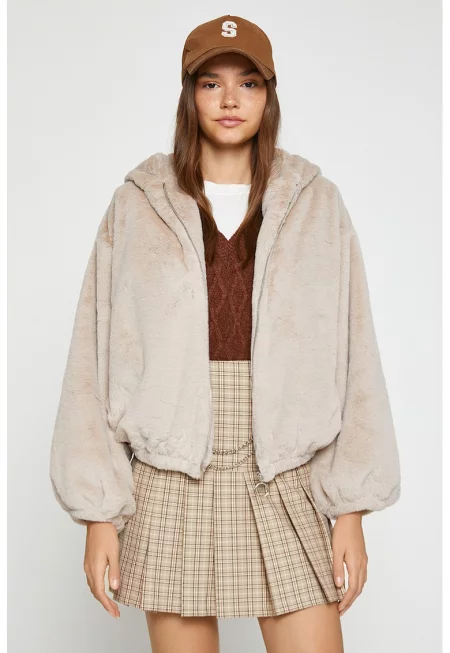 Мъхесто яке с качулка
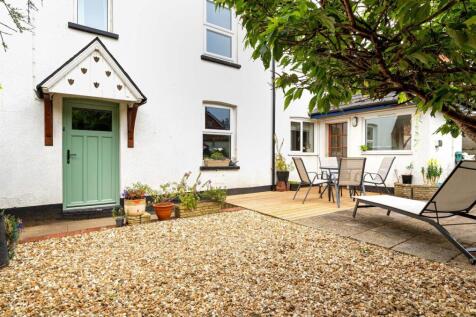 Leat Street, Tiverton, Devon, EX16 3 bed semi
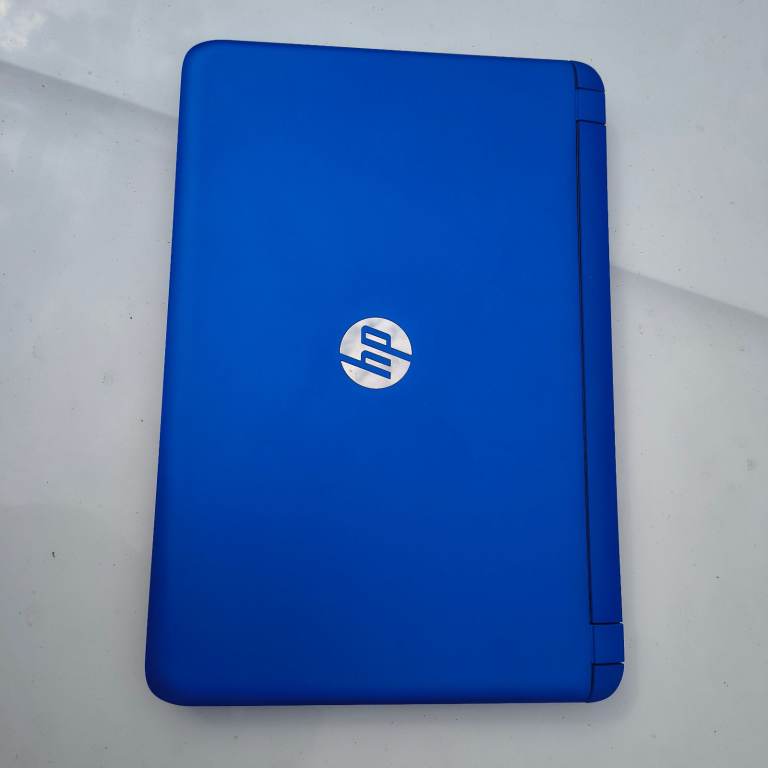 Blue HP pavilion 15 laptop Win11. Samsung SSD , Intel Core i3, 12GB RAM, Intel IRIS graphics 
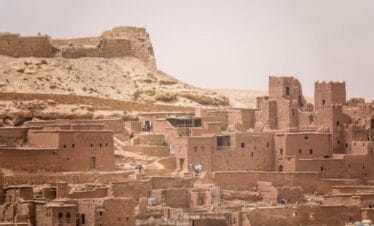 Historic mudbrick ksar of Aït Benhaddou in Morocco’s Drâa-Tafilalet region, showcasing traditional Berber architecture.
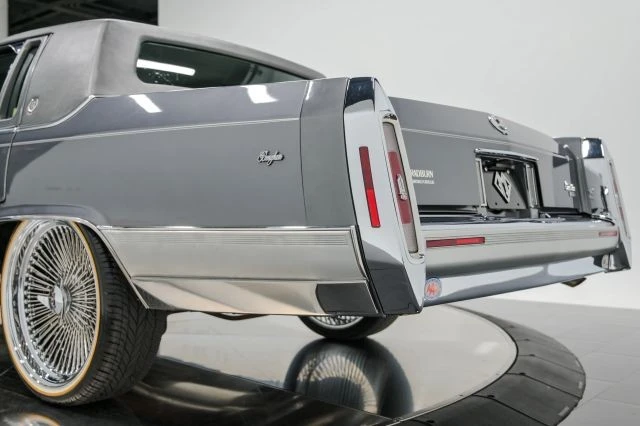 1991 Cadillac Brougham - Image 22 of 31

───

→ PROBLEM DESCRIPTION: Although the records above contain pictures, only their text is to be repeated, exactly as given.

→ RESPONSE FOR THIS EXERCISE:
 Мъхесто яке с качулка
 Leat Street, Tiverton, Devon, EX16 3 bed semi
 Blue HP pavilion 15 laptop Win11. Samsung SSD , Intel Core i3, 12GB RAM, Intel IRIS graphics 
 Historic mudbrick ksar of Aït Benhaddou in Morocco’s Drâa-Tafilalet region, showcasing traditional Berber architecture.
 1991 Cadillac Brougham - Image 22 of 31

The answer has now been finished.